NATIVE AMERICANS REPRODUCIBLE WORKBOOKS, Maher, Jan and Selwyn, Doug; Turman Publishing (1991), 38 pages paperback oversized, ISBN 0-89872-350-7, Grade 3

Here's the good news about this little mult-cult cash-in: (1) There's none of those stupid puzzles or idiotic games and no awful crafts that travesty native art. They don't make any sacred masks out of paper bags! (2) In Lesson 14, last of the book, there are miniature bios -- very, very miniature -- of 3 well-known Native writers and 2 other professionals. So at the very end, the students will learn that at least 5 Native people exist and have names.

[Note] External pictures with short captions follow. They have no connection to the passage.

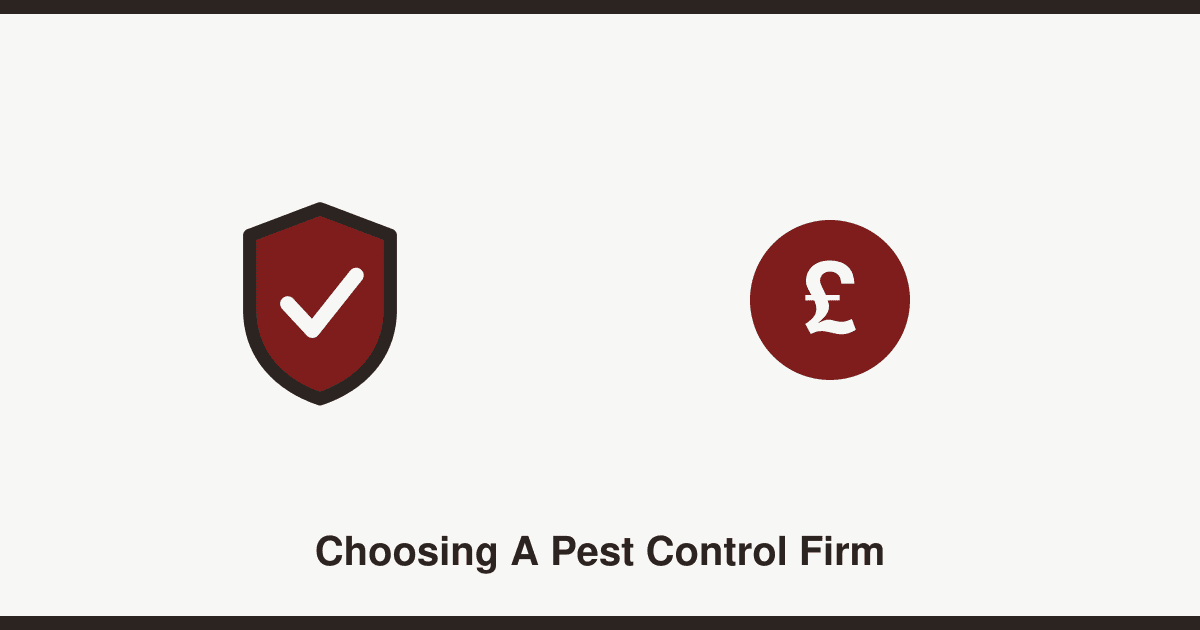 How to choose a pest control company in the UK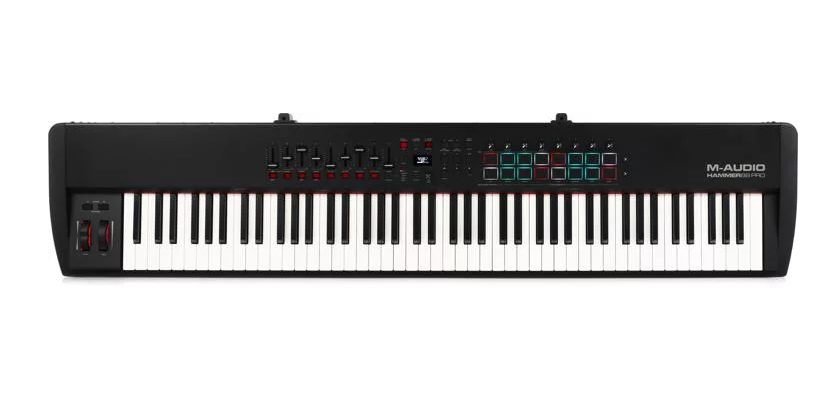 M-Audio Hammer 88 Pro 88-key Keyboard Controller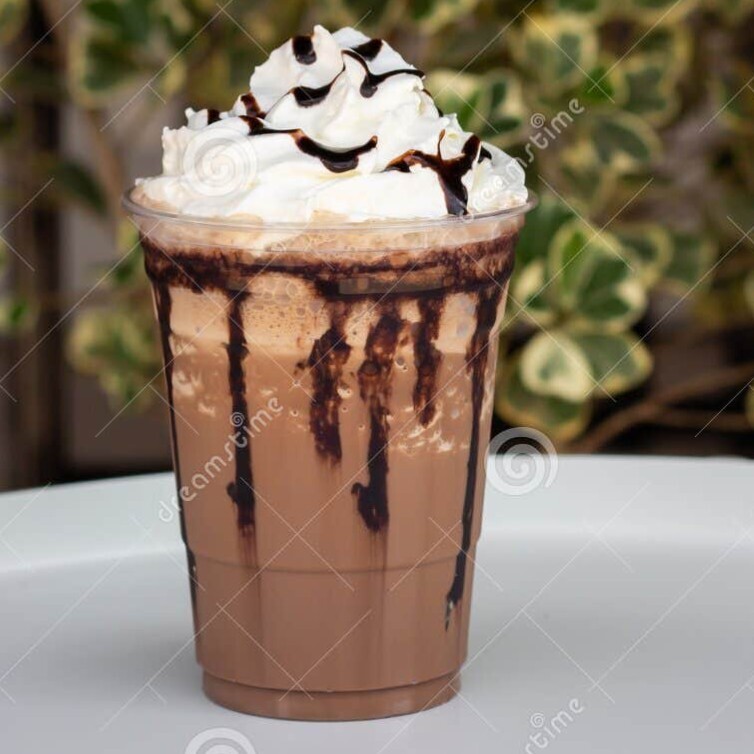 Çikolatalı Milkshake (14oz)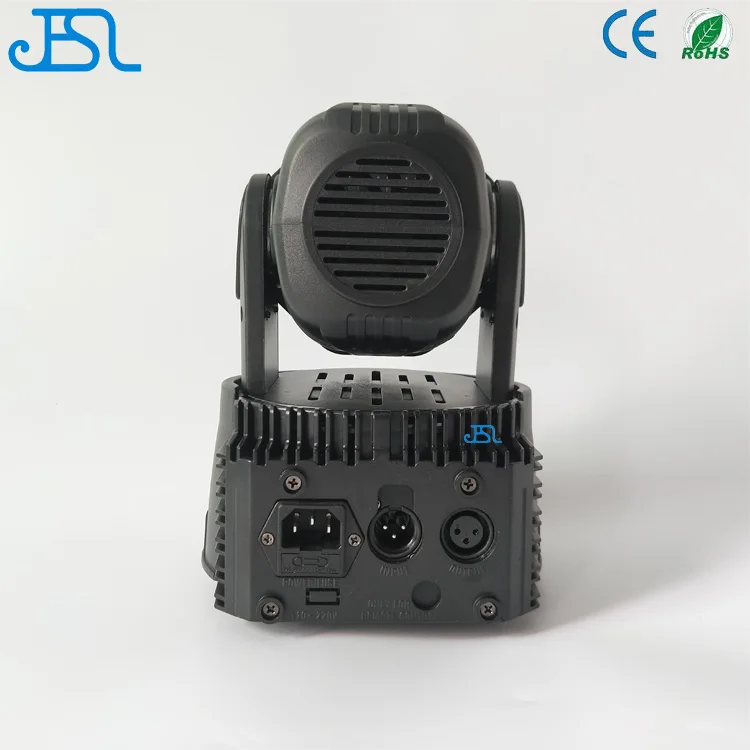 dj light 7x12 4in1 rgbw led mini beam wash moving head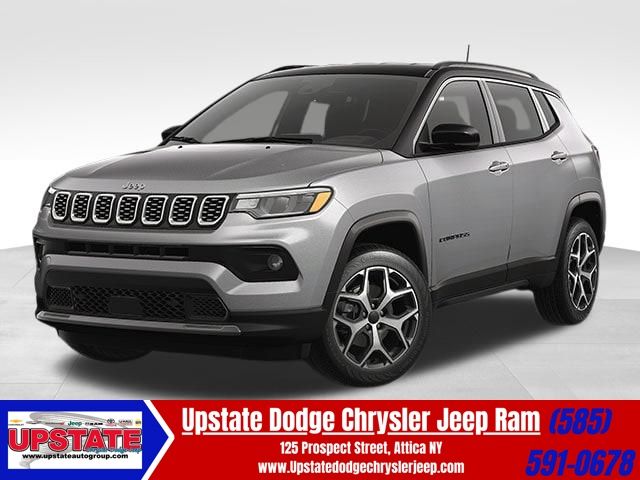 2026 Jeep Compass Sport Utility 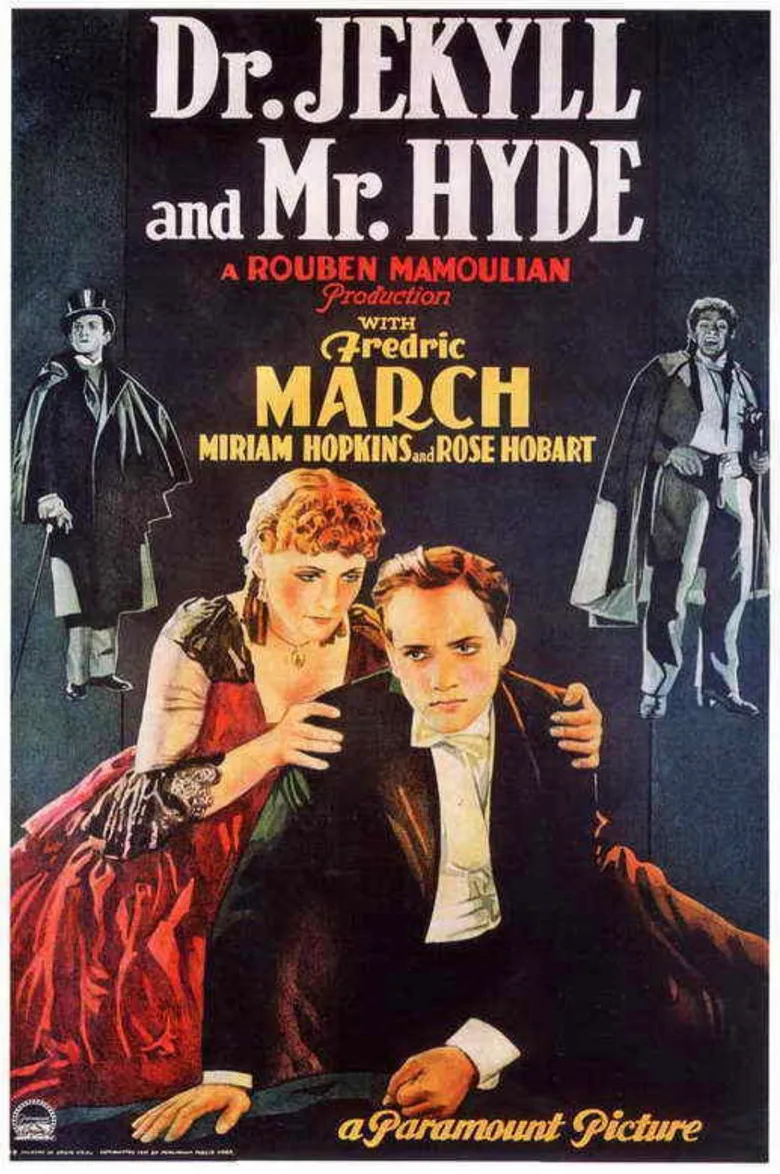 Dr. Jekyll and Mr. Hyde poster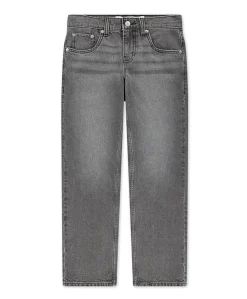 LVB stay loose taper jeans jongens jeans grijs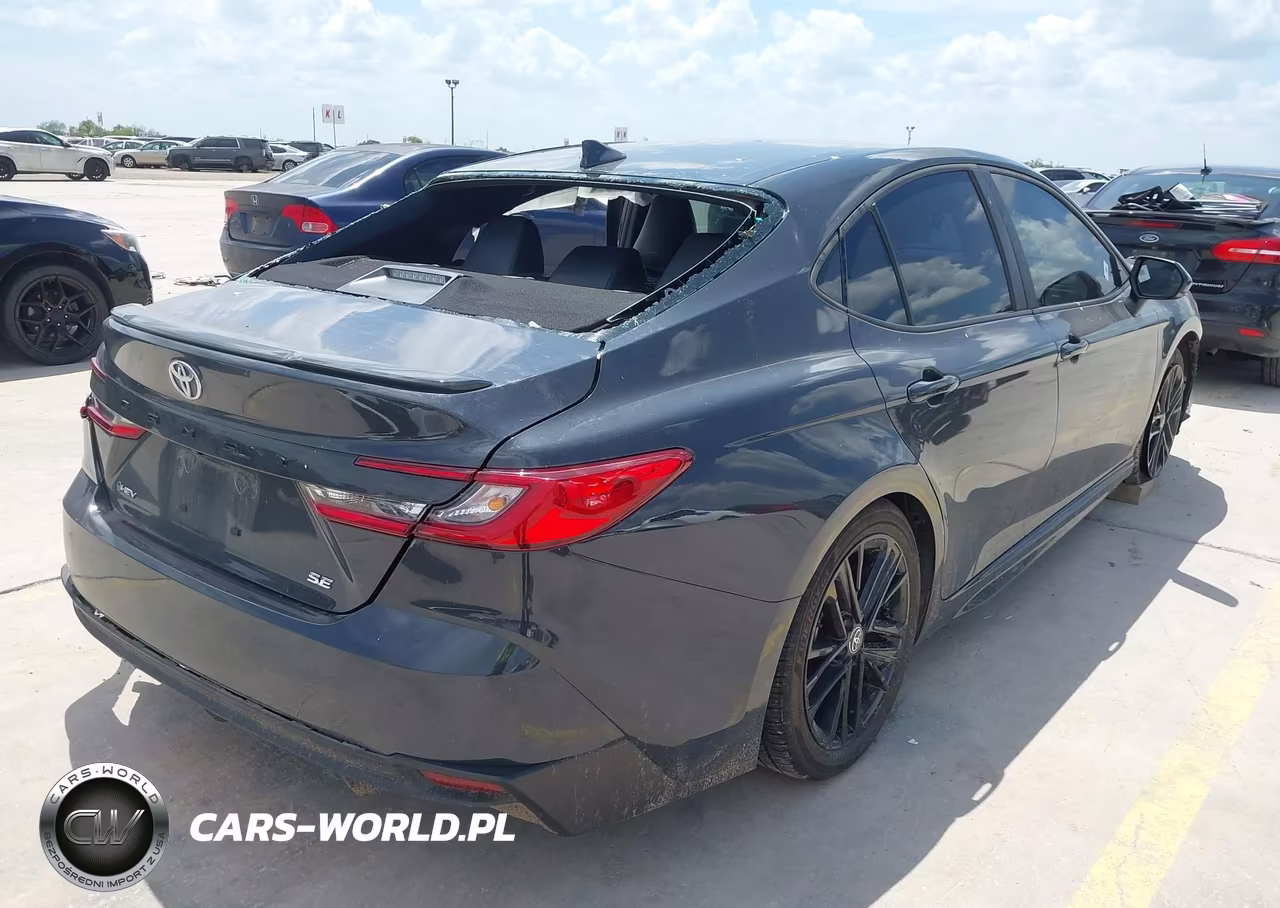 2025 Toyota Camry Se VIN:4T1DAACK2SU087487 - 4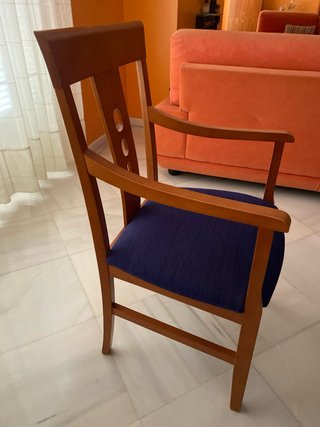 Pack 4 Sillas de Madera
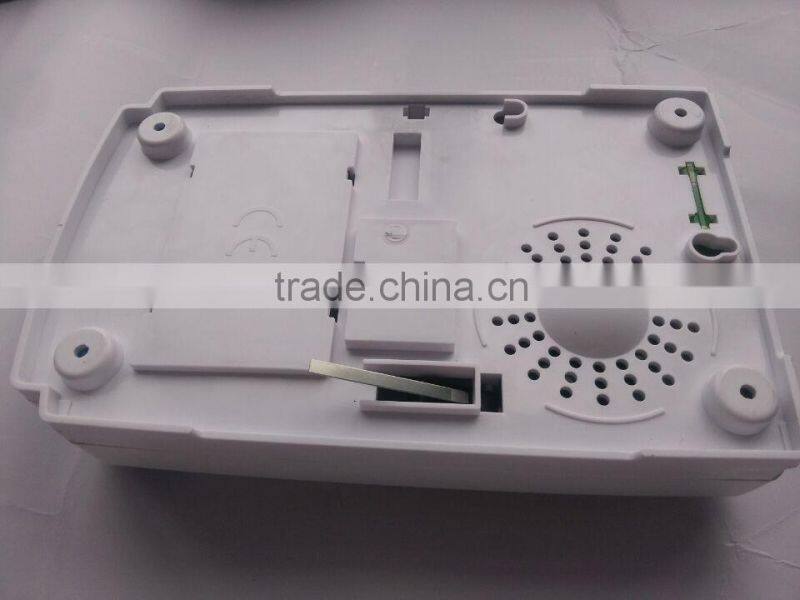 portable wired Backup Battery Outdoor Siren siren with strobe led light SL-700B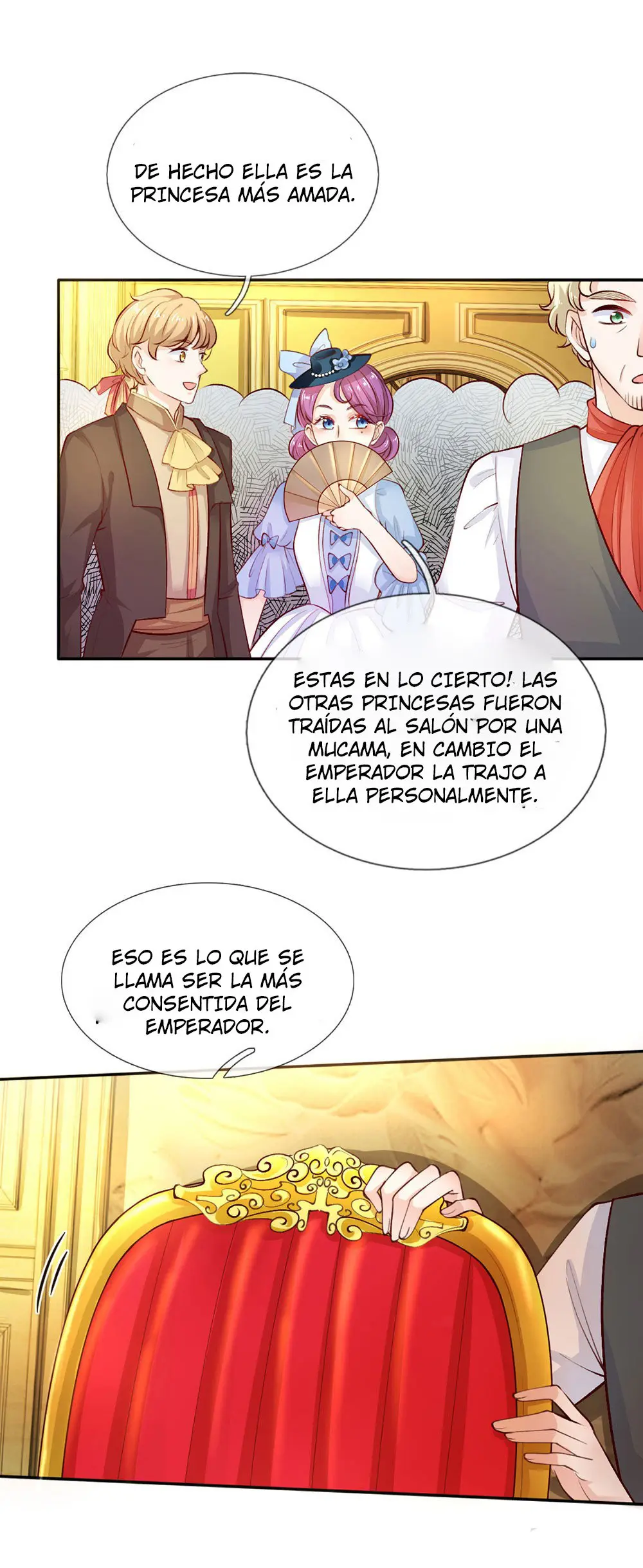 LA PRINCESA DEL EMPERADOR - Capítulo 13 - Página 11 - LectorTMOo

Now for the bad news: Just about everything else. That's all short readings that nicely sandwich info and misinfo, followed by various questions the students are supposed to answer. Native Americans have been lumped together for many lessons (all Native Americans believed dah-dah dah-dah, All NA families are..., All NA's did dah-dah dah dah).

Kids will learn that "Clans are large family groups...named after animals, plants or objects." No, not always. Anishinaabeg (Odawa, Ojibwe) will be disconcerted to learn that "children are in the same clan as their mother" since this is a very large tribal group with patrilineal clans. Clans is it for "Native American families," ignoring all the tribes -- such as Dakota, Lakota, and most others of the plains -- who never had clans. Clans are rather complicated to explain, even just the clans of one tribe that still has them (most tribal clan structures are not in good shape today because of white interference with traditional life) and except for Native children who need to learn them, clans are best bypassed for non-Indian kids. Clans make little sense without the language, for proper kinship terms.

A mini-environmental section, Lesson 7, reduces the numerous and complex different Native world views to a single simplistic ecological belief, praying to spirits, and not hurting anything ("All things were part of the web of life"). The phoney version of Chief Sealth's funeral oration for his people, the one that makes him a sort of Nuage ecologist and was made up by a Baptist filmscript writer in 1970, is used as source material for this lesson, although as usual in these "Native American activities" books, no sources, references, reading lists are given for anything.

Balancing the good news against the bad news, don't buy this thing.